Pour commencer, Clint part d'une note, un sol en l'occurrence. Il monte ensuite les deux notes suivantes, le la et le si bémol (il se doit d'être en mineur pour ce type de morceau) et... voilà. Ce travail l'a exténué, il ne va pas aller beaucoup plus loin par la suite. Cette "bête" montée de 3 petites notes de la gamme qui se suivent constitue l'essentiel de son morceau. Pour répondre au bon vieux principe de la "symétrie mélodique", il lui faut une deuxième phrase... il ne va pas se casser la tête, il repart de son sol, et descend les deux notes suivantes fa (sans le dièse, c'est du mineur mélodique, pas harmonique) et mi bémol. Pas de saut d'intervalle, juste des notes qui se suivent, on part de sol, on en monte deux, on revient sur sol, on en descend deux. Qui dit mieux ?

Il lui faut aussi une basse... là encore, il va aller au plus simple, il repart de sol pour descendre sur sa quinte, le . Le b.a.-ba de la basse. Pour aller de l'une à l'autre, il passe par la sixte mineure, ligne de basse typique sol-mi bémol-ré (dont j'ai déjà parlé ici). Va-t-il la varier à un moment ou à un autre ? Non. Ces trois mêmes notes de basse (au violoncelle) tiendront jusqu'à la fin du morceau.

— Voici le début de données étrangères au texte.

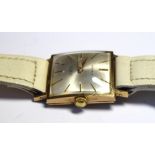 EXCALIBUR, A VINTAGE GENT'S 9CT GOLD WATCH Having a silver tone square dial with gilt number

Il a besoin d'ajouter une petite ritournelle (au clavier). Pas de soucis, il va encore aller au plus simple, reprendre ses trois notes de départ (sol-la et si bémol), et cette fois les jouer dans l'autre sens (si bémol, la et sol, en terminant sur le ). Il répète ça trois fois, puis, la quatrième, monte le si b d'un ton pour terminer par do, si b, la, si b. Toujours de simples notes conjointes. Et cette "ritournelle", là encore, ne changera pas d'un iota pendant tout le morceau.

 

Maintenant, il lui faut un "thème". En règle générale, le thème, c'est ce que les musiciens travaillent le plus, ce à quoi ils prêtent la plus grande attention... pas Clint. On imaginait qu'il ne pourrait faire plus simple que cet accompagnement, il y parvient avec le thème. Il repart encore une fois de ses 3 notes conjointes (notes qui se suivent dans une gamme), sur la tierce mineure sol - la - si b. Il vire le la, et joue si b - sol. Juste deux notes. Après les avoir répétées 10 fois de suite (!), il se dit : "bon, là, ça n'avance pas beaucoup, je tourne en rond sur deux notes, ça va finir par se voir..." Il ne va pas aller chercher bien loin, il repart du si b, remet le la et vire cette fois le sol. Et le voilà parti pour répéter ces deux notes (si b-la) de la même manière que les deux précédentes. Paroxysme du morceau, son thème "s'enrichit" d'une 3° note... qu'il ne va pas chercher très loin non plus, il reprend le sol, et joue cette fois en descendant les 3 notes de base de son morceau si b - la - sol... (en répétant les si b et la). Il le fait 3 fois, puis... le joue dans l'autre sens pour la 4° (sol - la).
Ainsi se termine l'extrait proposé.